Work to complete: Go to the line below containing "Monday 4th May" and print exactly from there through the line containing "Google Maps search", both included. Print nothing else.

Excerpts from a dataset

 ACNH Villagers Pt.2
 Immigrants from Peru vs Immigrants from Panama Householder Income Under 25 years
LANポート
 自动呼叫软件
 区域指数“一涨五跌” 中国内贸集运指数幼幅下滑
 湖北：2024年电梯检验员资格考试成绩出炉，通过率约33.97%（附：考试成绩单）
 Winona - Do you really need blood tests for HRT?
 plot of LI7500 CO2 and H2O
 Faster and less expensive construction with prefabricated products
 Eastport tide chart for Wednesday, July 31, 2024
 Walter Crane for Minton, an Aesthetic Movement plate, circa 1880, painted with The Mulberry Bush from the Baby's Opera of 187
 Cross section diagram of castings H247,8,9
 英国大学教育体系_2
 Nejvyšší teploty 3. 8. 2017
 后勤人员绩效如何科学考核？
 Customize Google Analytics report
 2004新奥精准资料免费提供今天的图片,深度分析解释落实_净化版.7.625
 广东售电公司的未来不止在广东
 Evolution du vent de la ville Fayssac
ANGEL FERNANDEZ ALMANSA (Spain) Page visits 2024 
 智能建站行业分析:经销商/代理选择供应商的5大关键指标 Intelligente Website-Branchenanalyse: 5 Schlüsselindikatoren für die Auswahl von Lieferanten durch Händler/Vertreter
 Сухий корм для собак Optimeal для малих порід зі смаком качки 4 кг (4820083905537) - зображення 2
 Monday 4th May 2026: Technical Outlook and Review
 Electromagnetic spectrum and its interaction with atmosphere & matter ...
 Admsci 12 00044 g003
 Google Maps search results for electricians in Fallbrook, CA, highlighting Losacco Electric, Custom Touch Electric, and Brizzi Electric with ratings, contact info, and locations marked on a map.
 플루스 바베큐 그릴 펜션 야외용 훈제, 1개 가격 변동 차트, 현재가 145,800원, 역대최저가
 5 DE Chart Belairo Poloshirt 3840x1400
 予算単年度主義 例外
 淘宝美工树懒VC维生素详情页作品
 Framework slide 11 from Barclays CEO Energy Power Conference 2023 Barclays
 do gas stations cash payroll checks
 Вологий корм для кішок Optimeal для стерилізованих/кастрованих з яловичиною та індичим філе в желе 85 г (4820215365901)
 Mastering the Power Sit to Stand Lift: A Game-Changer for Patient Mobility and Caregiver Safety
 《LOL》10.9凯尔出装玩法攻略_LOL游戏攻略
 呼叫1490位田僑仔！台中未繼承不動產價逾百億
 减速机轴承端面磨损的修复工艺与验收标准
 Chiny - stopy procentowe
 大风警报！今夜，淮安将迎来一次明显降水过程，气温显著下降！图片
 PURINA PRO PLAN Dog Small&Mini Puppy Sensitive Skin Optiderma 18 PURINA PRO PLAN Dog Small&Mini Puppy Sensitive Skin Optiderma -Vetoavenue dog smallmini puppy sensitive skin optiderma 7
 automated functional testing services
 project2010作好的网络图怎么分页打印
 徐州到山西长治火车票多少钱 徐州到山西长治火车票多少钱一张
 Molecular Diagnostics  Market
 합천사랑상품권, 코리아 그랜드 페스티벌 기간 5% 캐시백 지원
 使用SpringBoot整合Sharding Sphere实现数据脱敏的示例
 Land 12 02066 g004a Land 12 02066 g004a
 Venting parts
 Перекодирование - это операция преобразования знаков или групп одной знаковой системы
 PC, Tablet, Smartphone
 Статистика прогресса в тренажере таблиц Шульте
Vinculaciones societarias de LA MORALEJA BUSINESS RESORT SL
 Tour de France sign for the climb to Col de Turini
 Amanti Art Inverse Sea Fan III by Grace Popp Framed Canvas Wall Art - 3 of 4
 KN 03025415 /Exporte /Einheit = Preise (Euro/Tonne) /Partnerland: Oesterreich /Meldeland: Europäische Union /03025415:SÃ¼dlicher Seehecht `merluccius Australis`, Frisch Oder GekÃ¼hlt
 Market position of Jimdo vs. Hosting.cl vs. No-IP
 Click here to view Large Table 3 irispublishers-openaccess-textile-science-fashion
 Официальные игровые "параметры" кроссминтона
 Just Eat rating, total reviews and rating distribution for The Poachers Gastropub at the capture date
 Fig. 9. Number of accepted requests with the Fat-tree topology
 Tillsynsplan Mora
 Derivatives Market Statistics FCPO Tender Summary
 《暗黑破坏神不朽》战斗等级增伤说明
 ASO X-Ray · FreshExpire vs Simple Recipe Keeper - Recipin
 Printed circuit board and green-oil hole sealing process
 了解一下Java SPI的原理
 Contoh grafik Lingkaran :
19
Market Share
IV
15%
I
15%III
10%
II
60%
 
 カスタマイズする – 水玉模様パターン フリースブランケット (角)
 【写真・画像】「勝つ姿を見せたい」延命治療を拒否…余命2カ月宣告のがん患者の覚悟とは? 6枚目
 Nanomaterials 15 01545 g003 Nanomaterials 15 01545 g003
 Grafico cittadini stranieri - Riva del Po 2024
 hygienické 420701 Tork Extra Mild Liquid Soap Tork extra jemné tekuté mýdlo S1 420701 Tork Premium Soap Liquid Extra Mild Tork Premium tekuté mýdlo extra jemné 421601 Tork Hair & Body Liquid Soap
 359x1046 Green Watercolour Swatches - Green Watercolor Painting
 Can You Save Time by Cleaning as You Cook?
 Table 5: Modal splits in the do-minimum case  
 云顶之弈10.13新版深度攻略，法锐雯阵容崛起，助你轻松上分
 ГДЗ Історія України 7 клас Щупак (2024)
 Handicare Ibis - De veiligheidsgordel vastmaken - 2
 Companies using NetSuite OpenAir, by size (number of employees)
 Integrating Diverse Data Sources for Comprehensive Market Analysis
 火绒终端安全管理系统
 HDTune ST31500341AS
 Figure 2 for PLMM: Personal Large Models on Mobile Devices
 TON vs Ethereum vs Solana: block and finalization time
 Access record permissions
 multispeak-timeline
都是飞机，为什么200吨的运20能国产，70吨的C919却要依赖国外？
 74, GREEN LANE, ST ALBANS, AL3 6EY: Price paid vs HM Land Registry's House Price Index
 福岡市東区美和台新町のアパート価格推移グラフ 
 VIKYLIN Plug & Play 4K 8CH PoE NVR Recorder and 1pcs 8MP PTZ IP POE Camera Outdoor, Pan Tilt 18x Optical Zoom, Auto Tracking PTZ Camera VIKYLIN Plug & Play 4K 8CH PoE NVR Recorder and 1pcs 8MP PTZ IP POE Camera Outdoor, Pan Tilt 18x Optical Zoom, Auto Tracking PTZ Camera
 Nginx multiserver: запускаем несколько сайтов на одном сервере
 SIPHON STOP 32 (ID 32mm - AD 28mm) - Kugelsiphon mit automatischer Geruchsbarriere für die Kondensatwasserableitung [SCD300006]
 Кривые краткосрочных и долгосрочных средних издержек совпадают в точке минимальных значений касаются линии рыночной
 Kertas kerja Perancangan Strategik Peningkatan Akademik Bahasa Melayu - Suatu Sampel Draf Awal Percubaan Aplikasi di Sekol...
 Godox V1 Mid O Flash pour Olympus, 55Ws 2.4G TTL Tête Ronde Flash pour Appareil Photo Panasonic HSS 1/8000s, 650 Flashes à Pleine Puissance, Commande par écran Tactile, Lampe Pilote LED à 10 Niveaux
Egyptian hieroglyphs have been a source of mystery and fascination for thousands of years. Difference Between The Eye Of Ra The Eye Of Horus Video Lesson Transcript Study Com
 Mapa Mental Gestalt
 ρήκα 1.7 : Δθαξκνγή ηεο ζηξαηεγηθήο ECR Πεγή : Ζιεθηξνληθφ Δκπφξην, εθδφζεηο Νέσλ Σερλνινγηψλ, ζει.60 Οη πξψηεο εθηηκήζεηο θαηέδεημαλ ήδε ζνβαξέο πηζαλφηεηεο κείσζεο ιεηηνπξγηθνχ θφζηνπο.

Written answer:
 Monday 4th May 2026: Technical Outlook and Review
 Electromagnetic spectrum and its interaction with atmosphere & matter ...
 Admsci 12 00044 g003
 Google Maps search results for electricians in Fallbrook, CA, highlighting Losacco Electric, Custom Touch Electric, and Brizzi Electric with ratings, contact info, and locations marked on a map.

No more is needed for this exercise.